Ohel has a WSOP bracelet from his victory in the $2,500 2-7 triple draw in 2012, and has cashed in several other variants, including runner-up finishes in the 2018 $10,000 2-7 triple draw, the 2016 $10,000 seven card stud hi-lo championship, and the 2014 $10,000 HORSE championship.

The Florida native and Las Vegas resident has more than $2 million in live tournament earnings, almost exclusively in mixed events. Ohel has delved into the coaching realm of poker and is currently taking students to learn non-hold’em games.

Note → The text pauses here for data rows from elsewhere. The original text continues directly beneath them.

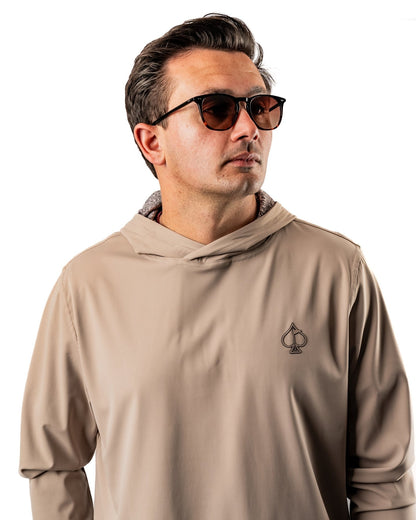 Performance Golf Hoodie - Big Blind Ash - Pins and Aces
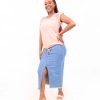 LADIES DENIM SKIRT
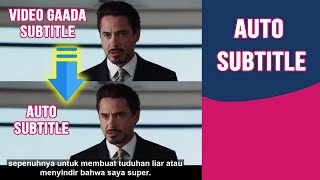 Cara Membuat Subtitle Otomatis [upl. by Aneled500]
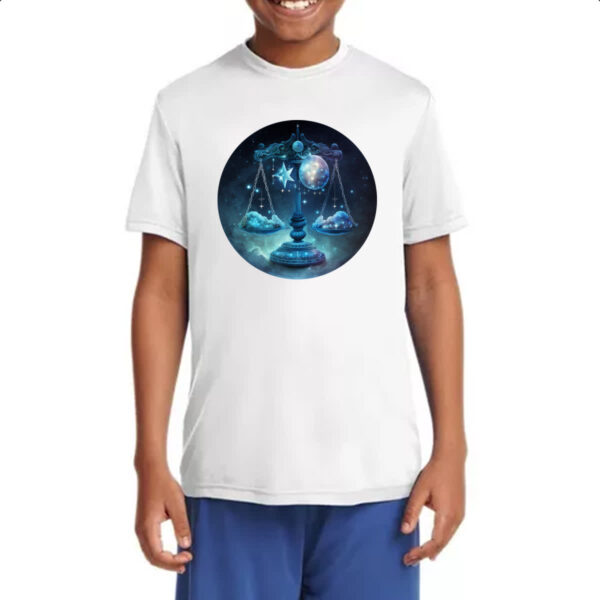 Camiseta Infanto Juvenil Signo de Libra placa de luxo - Imagem 4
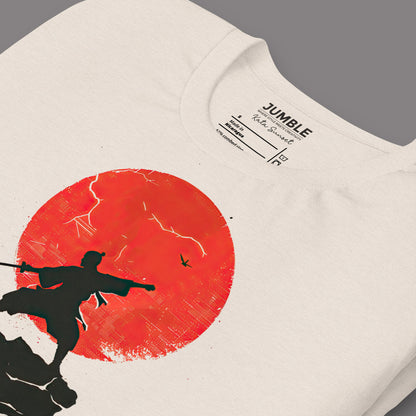 closeup of folded desert dust Kata Sun Unisex t-shirt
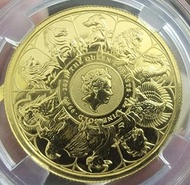 英女皇終極神獸金幣一安士,已NGC評級64分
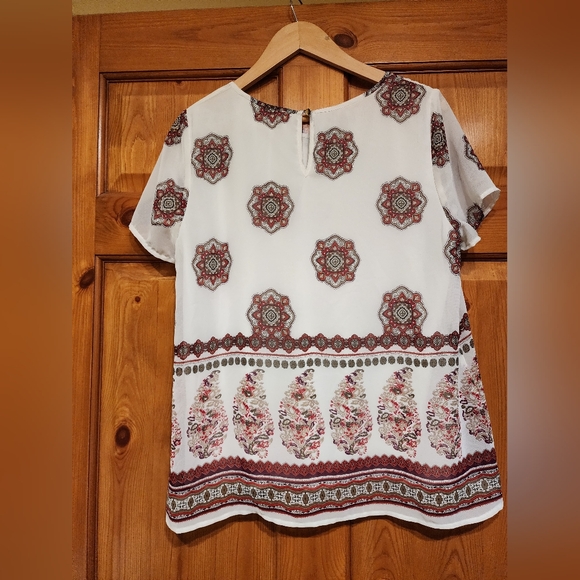 💰 3 for $20, Alice Blue Stitch Fix Blouse, Size L - Picture 7 of 8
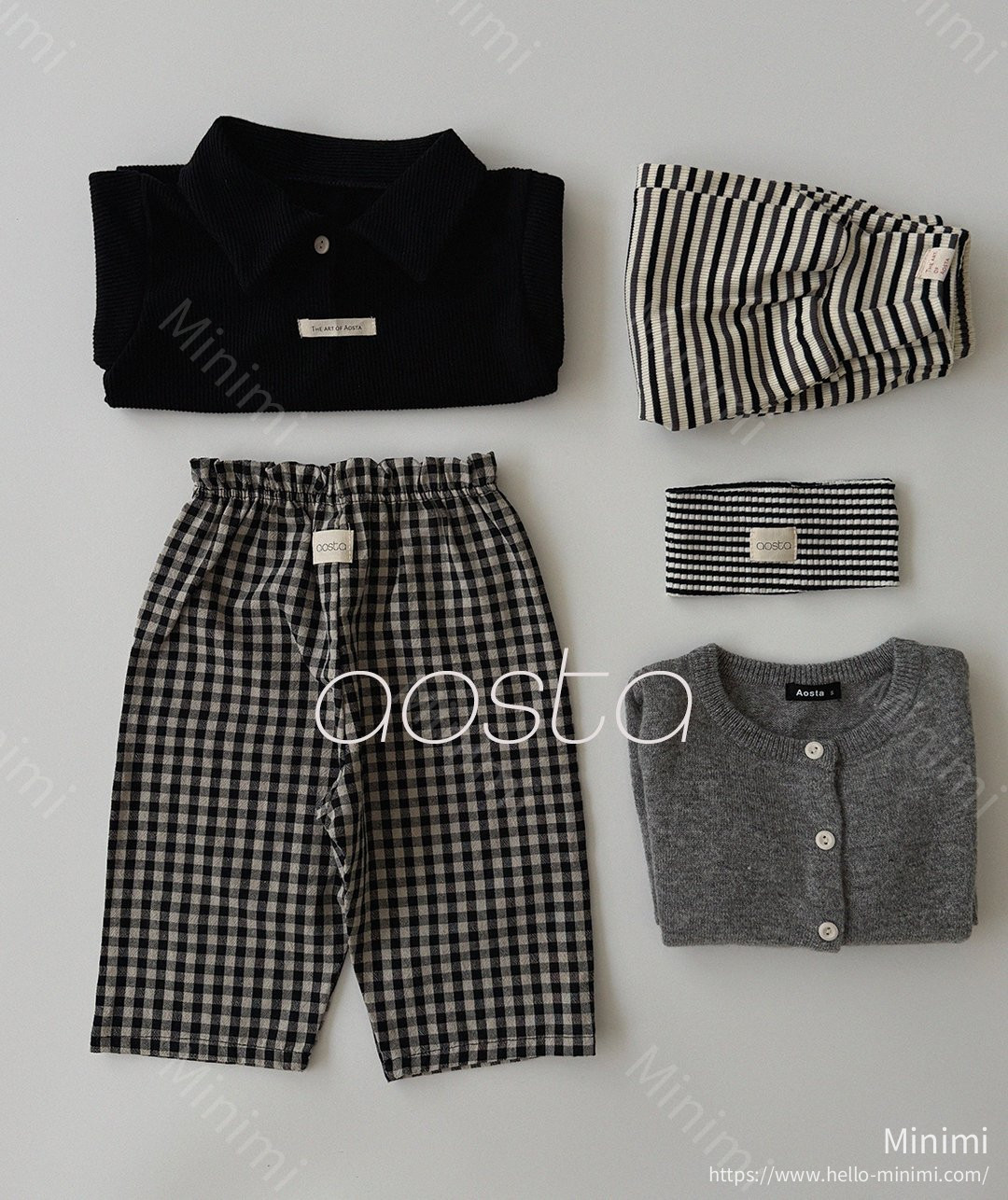 Aosta atelier Caramel Check Pants 細節圖 57
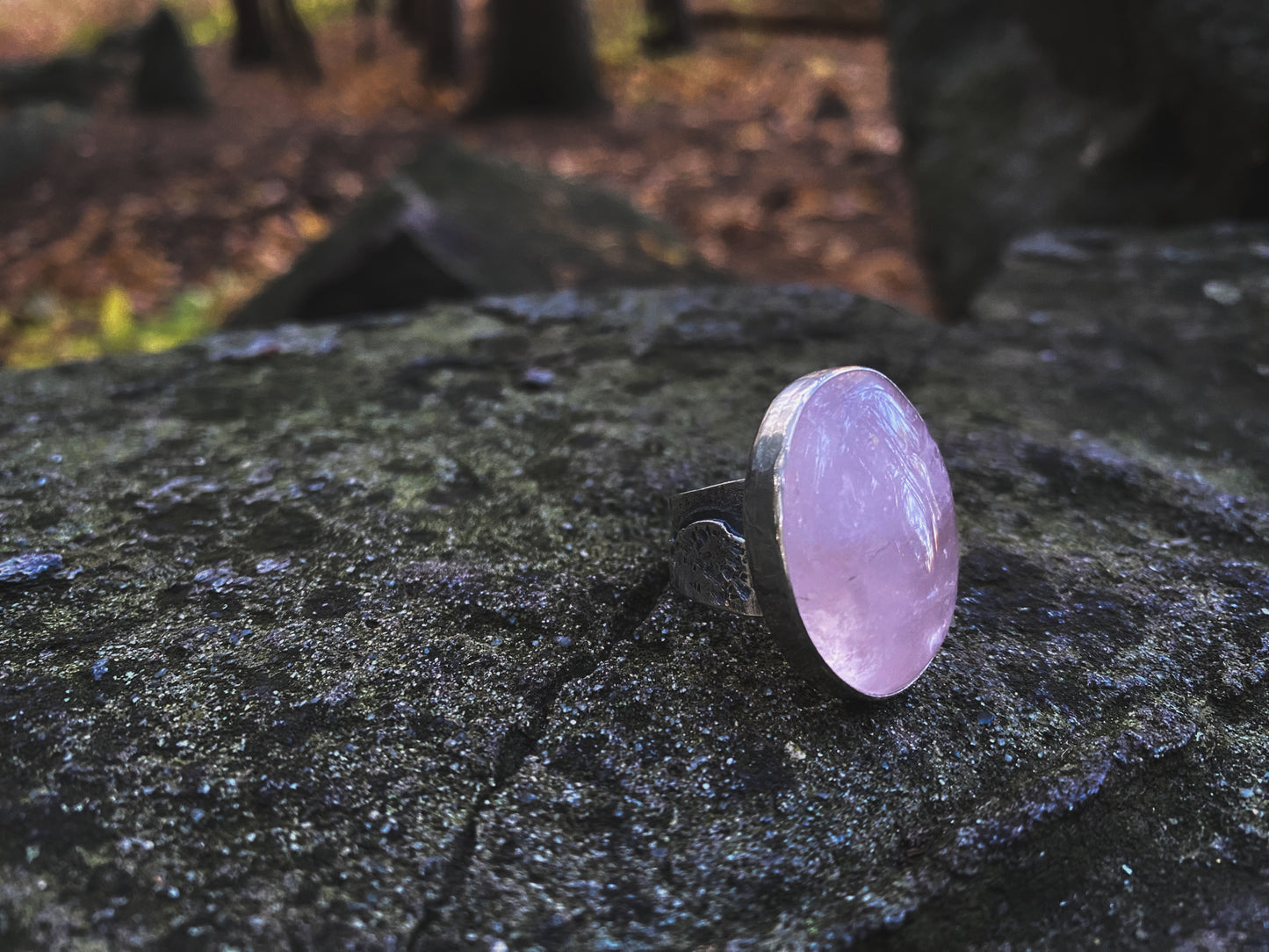 Pink Quartz Summit Ring Size 7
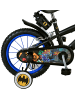 Volare Kinderfahrrad Batman für Jungen 14 Zoll Kinderrad in Schwarz Fahrrad 4 Jahre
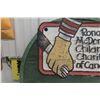 Image 4 : Woden Carved/Painted Ronald McDonald Children Charities Of Canada Sign, 36" Diameter, 1990 Winklero
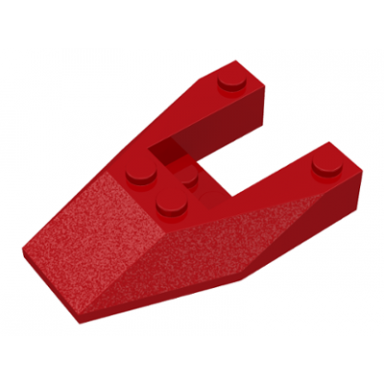 red wedge 6 x 4 cutout without stud notches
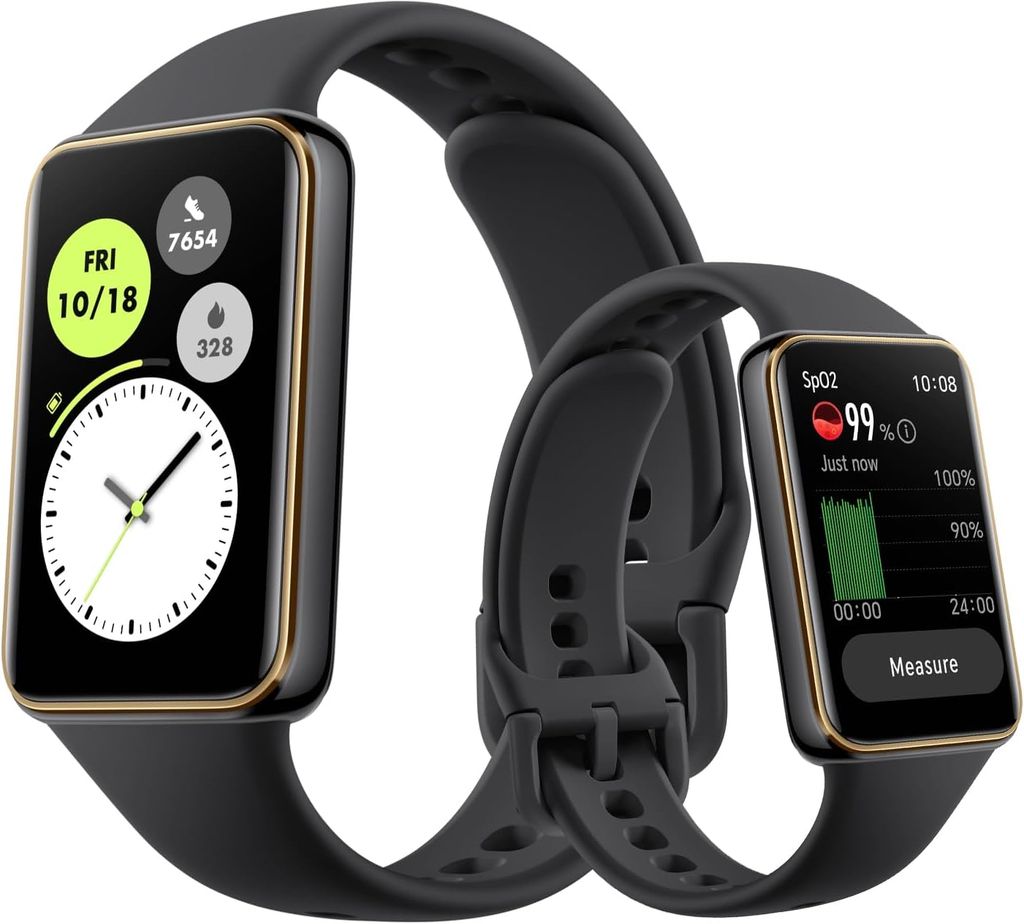 Imagen de: HONOR Band 10 Smart Watch, 1,57" AMOLED Smartwatch, SpO2, Frecuencia Cardiaca, 96 Modos Sport Podómetro, 5ATM Resistente al Agua, 14 Días de Autonomía, Compatible con Android e iOS, Negro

He can be found on Twitter @RandyOhel.

In an effort to provide readers with a solid fundamental strategy of mixed games, Card Player sat down with Ohel to break down a badugi hand from the $2,500 mixed triple draw event from the 2019 World Series of Poker.

For those that may not be familiar with the rules of the game, badugi is a limit triple draw game where each player is dealt four cards and the goal is to make the lowest hand with four different suits. 4-3-2-A with four different suits is considered the nuts in this game.

If neither player makes a badugi by the end of the hand, the best three-card hand will take the pot. For example, a 4-2-A with three different suits would beat 4-3-2 with three different suits, but both hands would lose to K-Q-7-3 with four different suits.

The Hand

Three-handed at the final table, Sumir Mathur raised on the button, Dan Zack called out of the small blind, and Braden Gazlay defended his big blind. Zack and Gazlay each took two and Mathur stood pat. After the first draw, Zack checked, Gazlay checked, Mathur bet, Zack called and Gazlay folded.

Zack took one card and Mathur stood pat. After the second draw, Zack checked, Mathur bet and Zack check-raised. Mathur called. On the final draw, Zack stood pat and Mathur stood pat behind. Zack bet, Mathur called, and Zack won the pot with a 9-4-2-A.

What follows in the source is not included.